Just how did a Greek city work? How was it laid out and how can we tell from the architecture of the Greek city how it really functioned? In earlier civilisations, the centre of the city was the Palace, where the rulers lived and directed the economy. However in Greek cities proper, there are no palaces but instead the centre of the city was an open space known as the agora, or market place.
In the early Greek cities of the seventh, sixth and fifth centuries, the first priority was often to build a splendid temple which was the symbol of the city.

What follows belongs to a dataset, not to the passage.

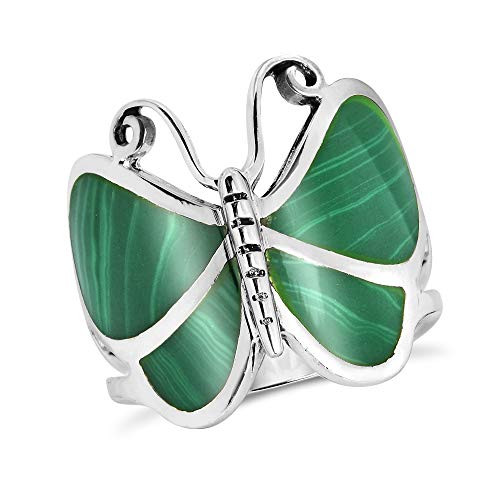 Captivating Butterfly Motif Green Malachite Statement .925 Sterling Silver Ring -9-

However from the fifth century, the focus tends to shift and it is the agora that becomes the centre of importance and influence where the council offices were situated and civic life was centred.

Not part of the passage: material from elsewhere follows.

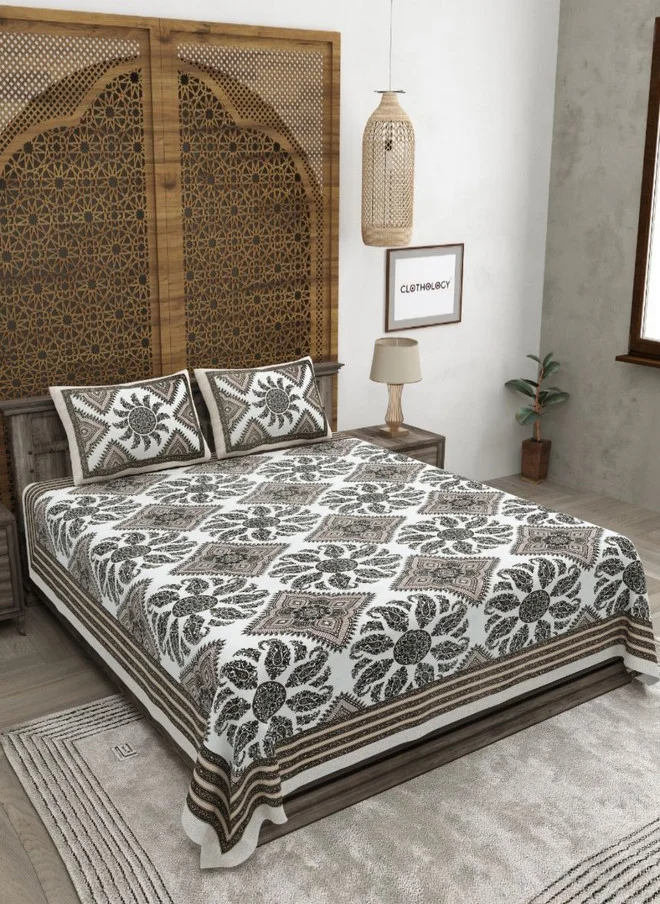 CLOTHOLOGY CLOTHOLOGY Jaipuri Brown Floral Cotton 180 TC King Fine Bedsheet with 2 Pillow Covers - 108 x 89 inches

The best known agora is that at Athens, thanks to the extensive exploration by the Americans in the 1930s and the fact that it was the centre of attention in much of our literature. But what about the other cities? Let us have a look, and see how they functioned.

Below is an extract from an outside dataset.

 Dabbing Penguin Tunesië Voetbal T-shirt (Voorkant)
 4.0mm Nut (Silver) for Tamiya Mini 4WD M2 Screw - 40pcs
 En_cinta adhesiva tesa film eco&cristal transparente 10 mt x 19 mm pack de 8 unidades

The best examples are not major towns, but rather insignificant towns, one might say failed towns, which therefore have no modern town on top of them, and have therefore been well excavated and laid out for the modern visitor.
The first is Priene which lies in Ionia in what is today south west Turkey. Priene was a small city on the mouth of the River Meander which is always meandering and silting up. And so in the 4th century it was decided to rebuild it on a new site, in the latest fashion, a strict geometric grid pattern, as laid down by Hippodamus. It flourished for a couple of hundred years but then the river silted up again, so in the 1st century AD it was again abandoned, and only discovered in the 19th century by archaeologists, who found it a treasure house, as the local stone is a very fine marble. Between 1895 – 9 it was excavated by a German team led by Theodore Wiegand.
It was a small town of around 6,000 persons, only 15 hectares in extent, and near the centre there is a very fine agora with a long stoa or covered colonnade along one side, while at right angles there is the bouleuterion, or council chamber, the place where the boule or council, met. This is very well preserved, as it was cut into the hillside, with the steep ranking seats. The bouleuterion is often the main feature of a Greek agora, as it was the place where the council met and thus where the administration functioned, and it was therefore a major part of the functioning of the Greek agora.
At the back was a long stoa. The stoa is one of the least recognised forms of Greek architecture, but it was the outstanding architectural form in the agora. It is essentially a long colonnade, with columns in the front, a stout wall at the back and a roof over the top, all done in the best architectural style. There was often a row of rooms along the back wall, which served as shops and warehouses or storage for the market traders. Sometimes there is a double row of rooms or even a second storey — there is a very fine reconstructed example in the Stoa of Attalos at Athens, seen in the header.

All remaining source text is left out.